> _About this exercise_
Write out exactly the lines below starting at the one containing "Custom Crown Vintage" and ending at the one containing "Leisuremod Urbane Collection". Omit every picture.

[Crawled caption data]
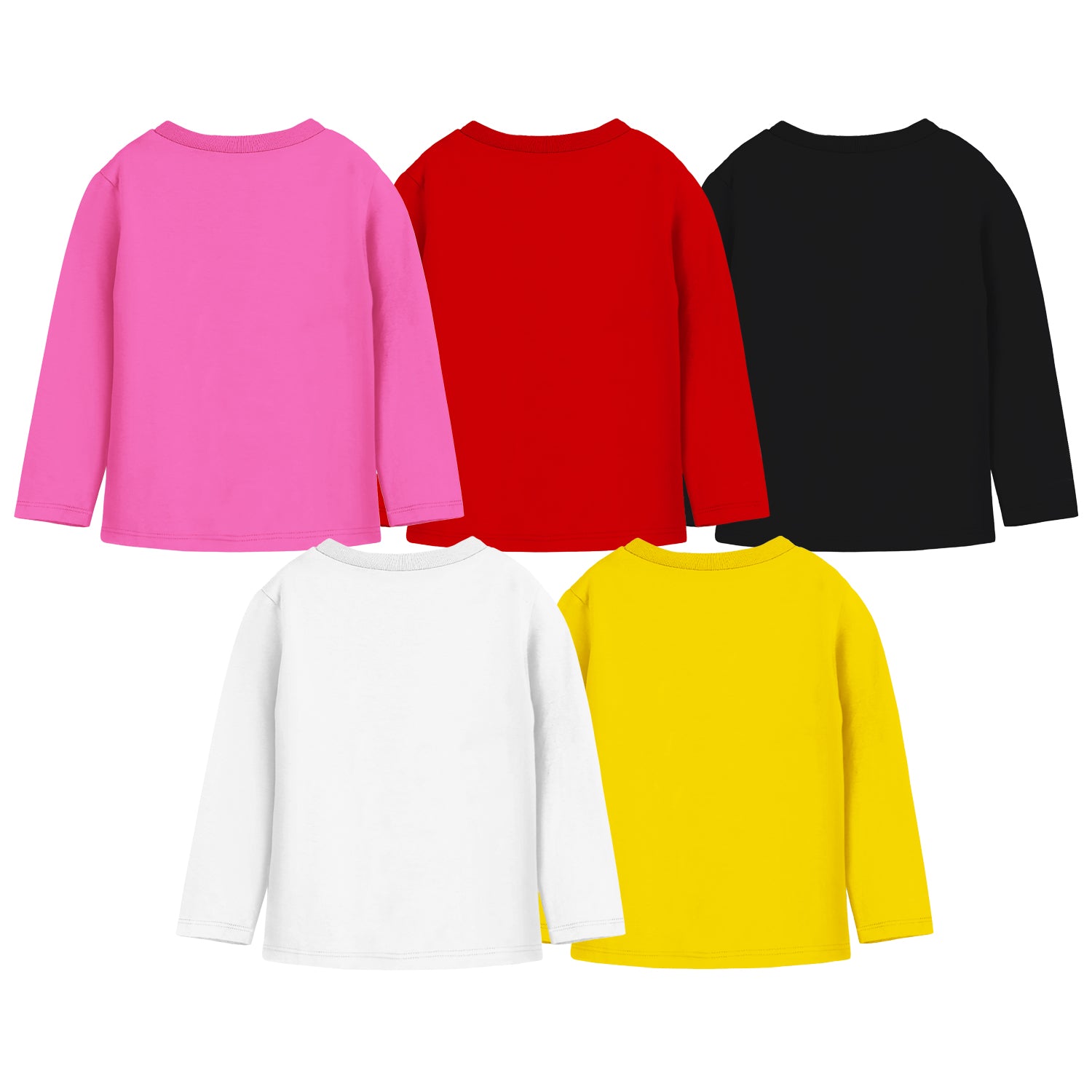 Trampoline Girls Full Sleeves Regular Fit T-Shirt (Pack of 5)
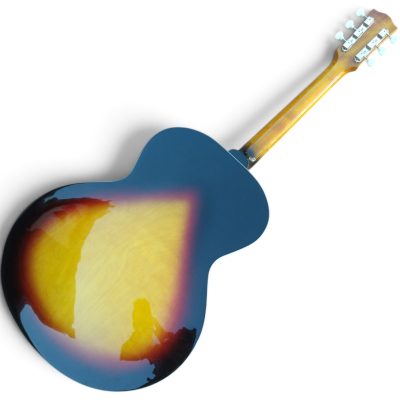 Custom Crown Vintage Sunburst ES125 Single P90 Pickups Hollow Body Electric Guitar - Image 5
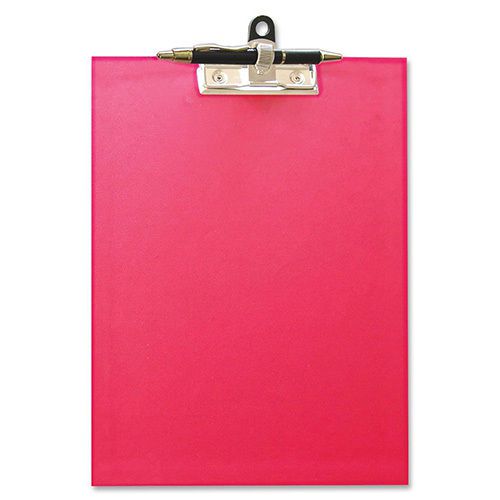 Aurora Medical Clipboard Non-Toxic Red. Sold as Each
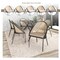 Leisuremod Urbane Collection Modern Dining Chair With Wicker back in Toupe UC21WTP - alternate 2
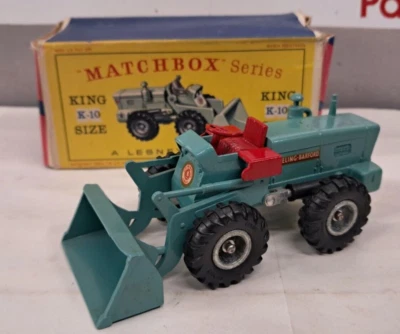 MATCHBOX  1/43 AVELING -BARFORD TRACTOR-SHOVEL K10  RARO VINTAGE MB MADE IN GB - Immagine 1 di 4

> _Result of this exercise_
 Custom Crown Vintage Sunburst ES125 Single P90 Pickups Hollow Body Electric Guitar - Image 5
 Aurora Medical Clipboard Non-Toxic Red. Sold as Each
 Leisuremod Urbane Collection Modern Dining Chair With Wicker back in Toupe UC21WTP - alternate 2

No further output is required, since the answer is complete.